**** RECORDED DATA

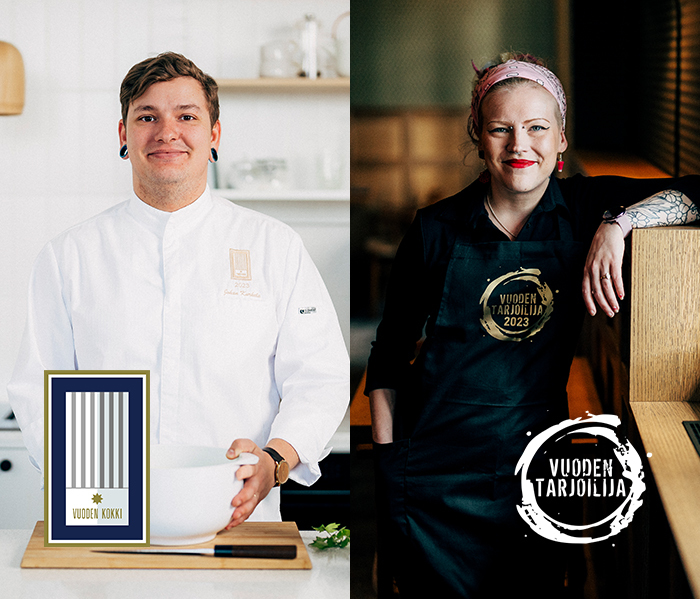 Mestareiden vinkkejä hävikin hillintään ja asiakaspalveluun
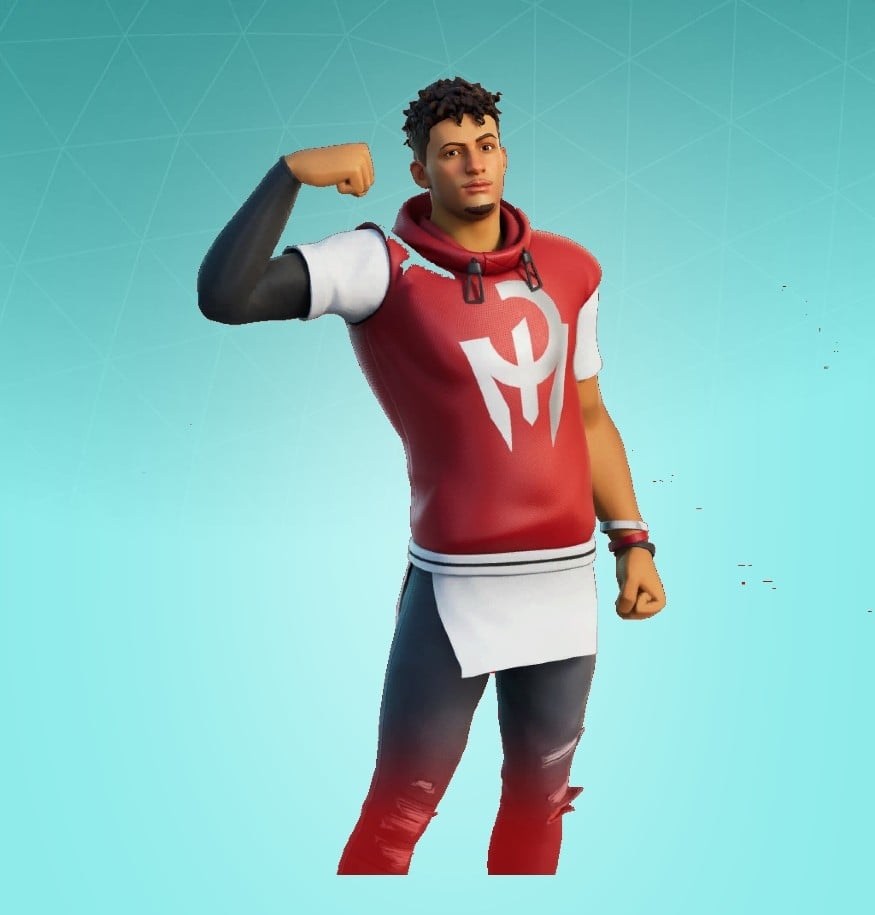 880x920 Patrick Mahomes Fortnite wallpaper, Phone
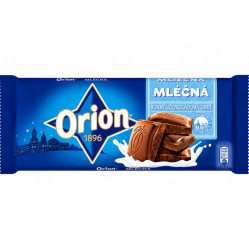 Orion 85g Čokoláda Mléčná (20)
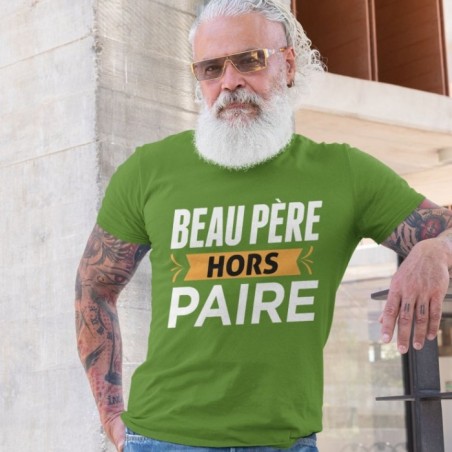Beau père hors paire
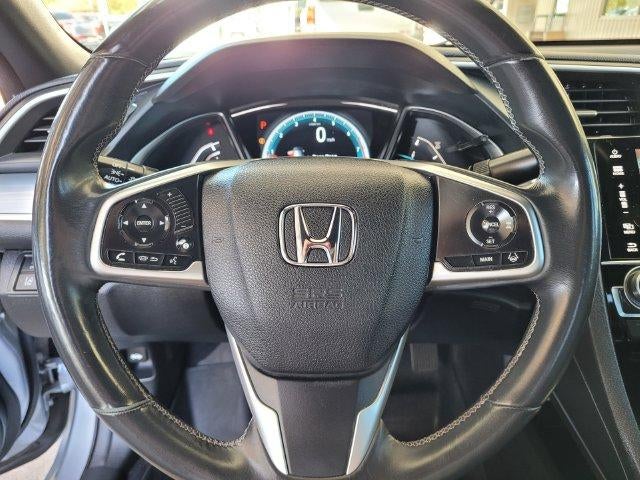2016 Honda Civic Touring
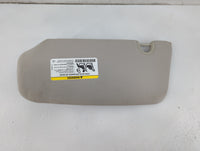 2010-2017 Jeep Patriot Sun Visor Shade Replacement Passenger Right Mirror Fits Fits 2010 2011 2012 2013 2014 2015 2016 2017 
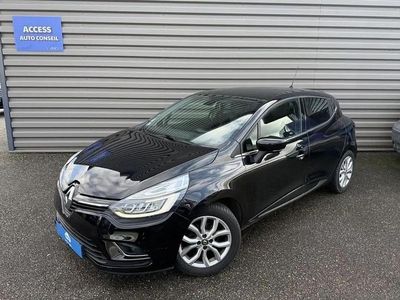 Occasion Renault Clio IV Intens 91 ch (66 kW) 2018 Noir Berline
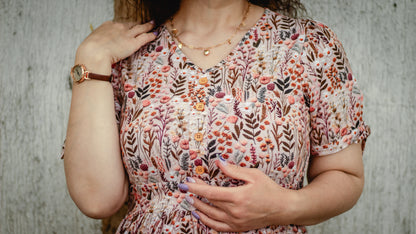 Bryony ~ Rowena Dress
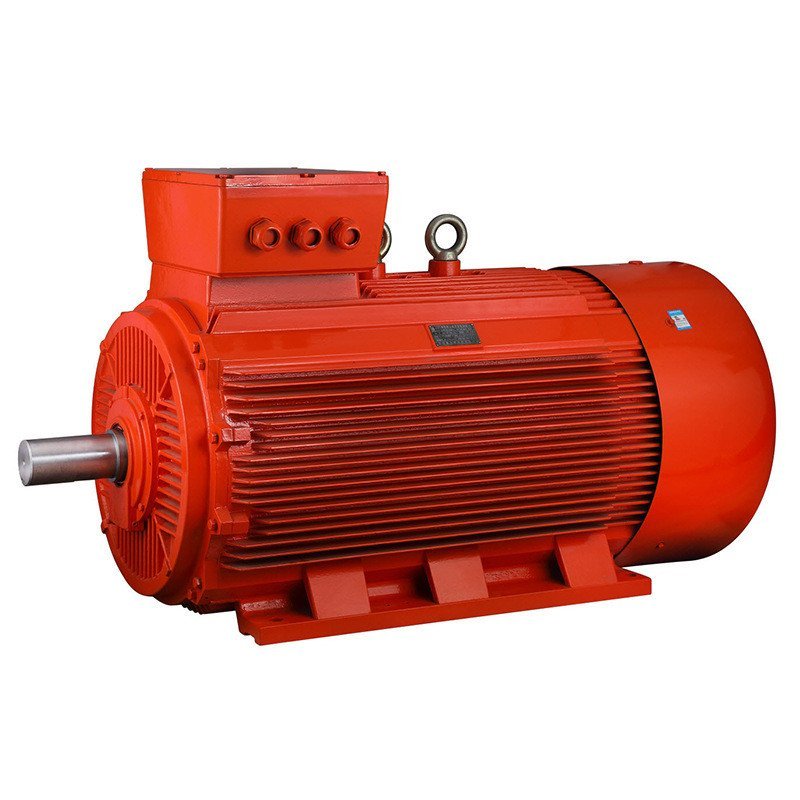 YE3-180M-2-22KW High-Efficiency Energy-Saving Motor High-Power Three-Phase Abnormal Step Motor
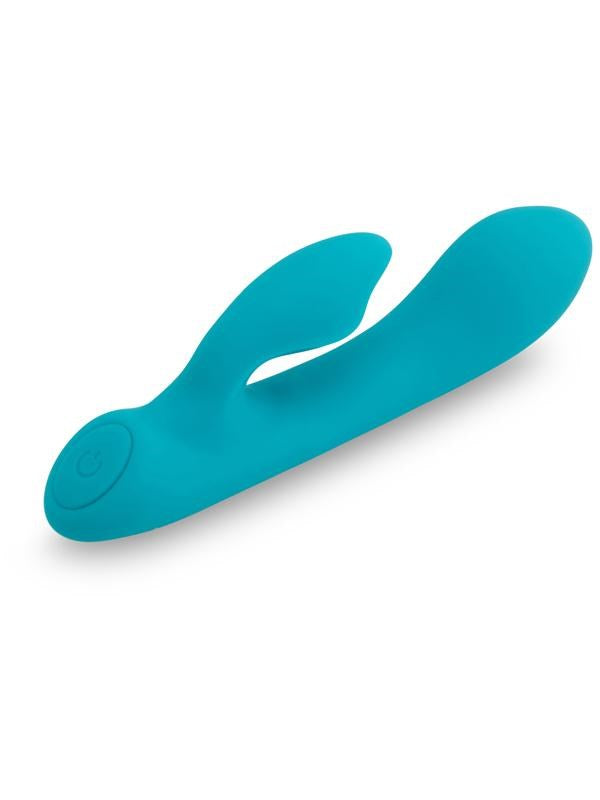 Nu Sensuelle Jolie Mini Nubii - Compact G-Spot Rabbit Vibrator with Heat - Rabbit Vibrators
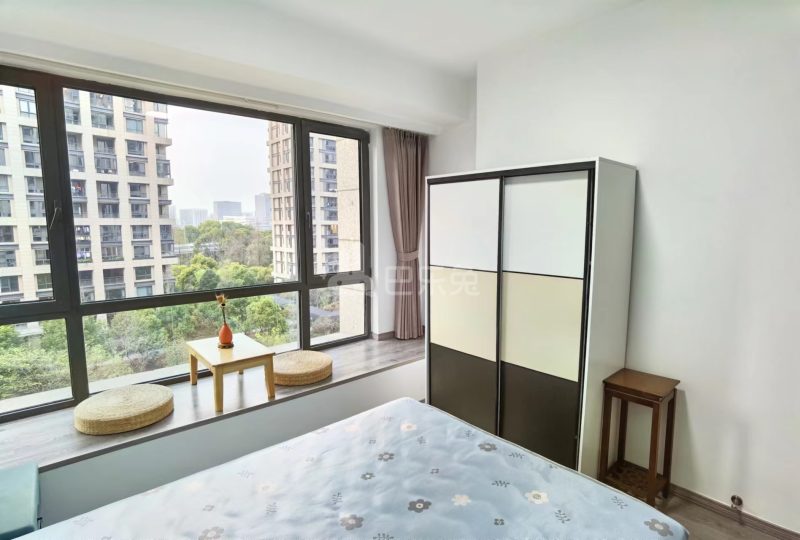 中企御品湾东区（中企艮山府东区）12003622卧室图10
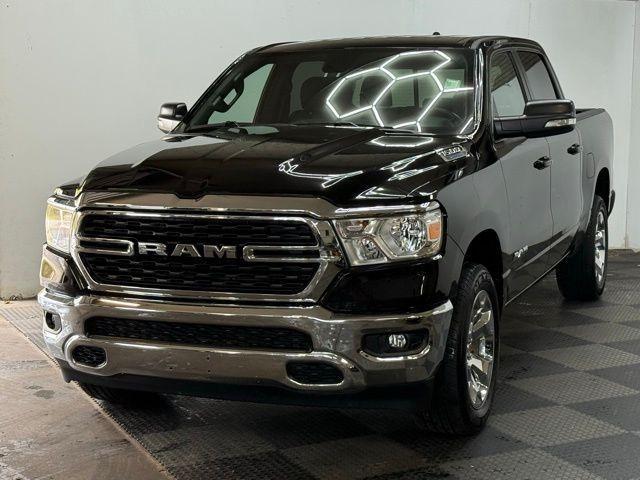 used 2022 Ram 1500 car, priced at $32,998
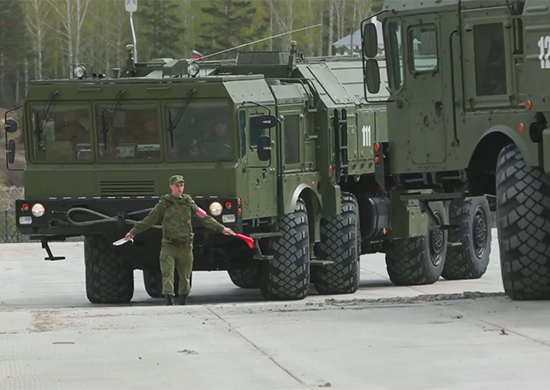 Отдельная ракетная бригада Центрального военного округа. Свердловская область, п. Еланский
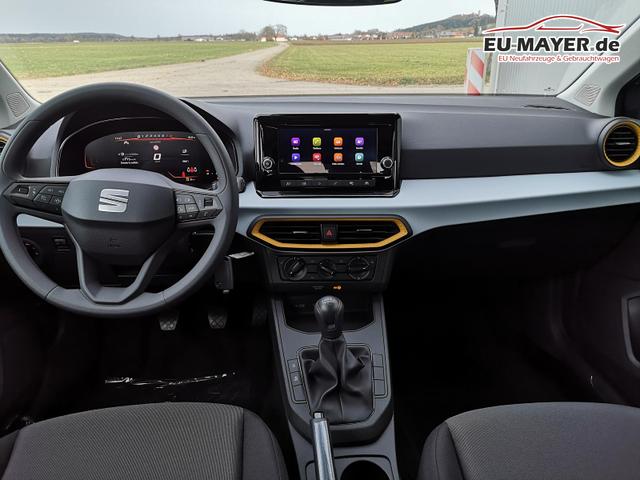 Seat Ibiza Reference 1,0MPi APP Sunset LED 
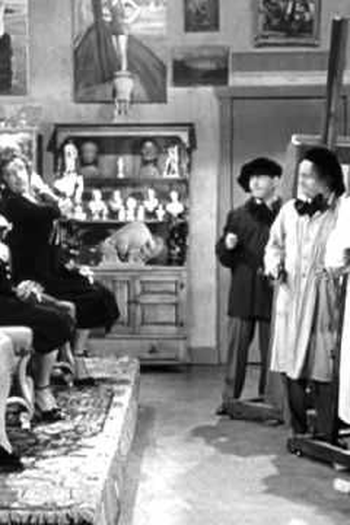  de Curta Artistas do riso (1950)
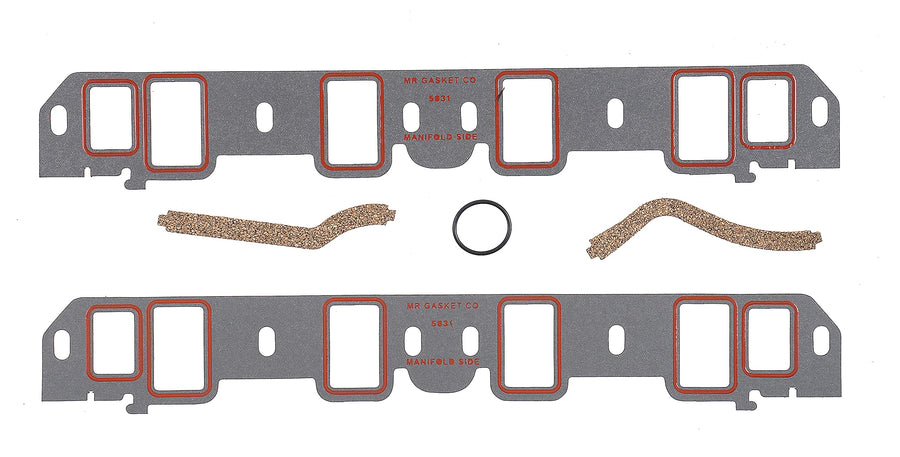 Ultra-Seal Mr. Gasket 5831 Intake Manifold Gasket Set Stock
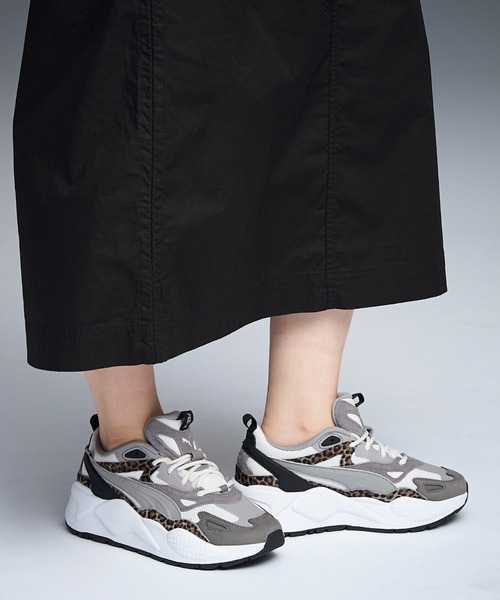 PUMA（プーマ） スニーカー ユニセックス RS-X エフェクト レオ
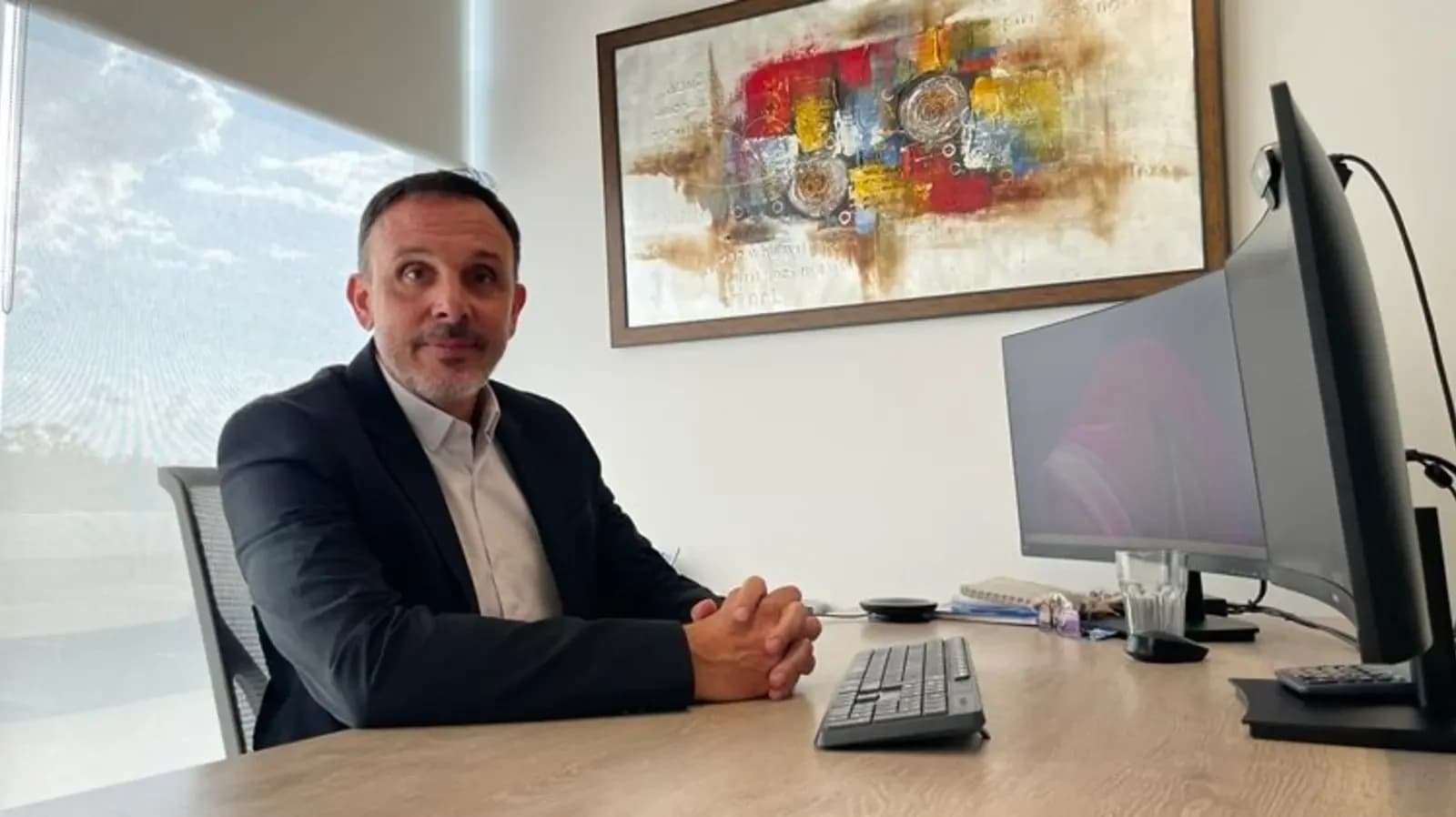 Coral Energía apuesta por un ex 360Energy como nuevo CEO y acelera su plan para alcanzar 1 GW hacia 2030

********

YOUR TASK: Exactly the lines from the one with "Seat Ibiza Reference 1,0MPi APP Sunset LED" to the last line of the listing are wanted, both ends included and pictures excluded.

OUTPUT OF THE EXERCISE:
 Seat Ibiza Reference 1,0MPi APP Sunset LED 
  de Curta Artistas do riso (1950)
 Ultra-Seal Mr. Gasket 5831 Intake Manifold Gasket Set Stock
 PUMA（プーマ） スニーカー ユニセックス RS-X エフェクト レオ
 Coral Energía apuesta por un ex 360Energy como nuevo CEO y acelera su plan para alcanzar 1 GW hacia 2030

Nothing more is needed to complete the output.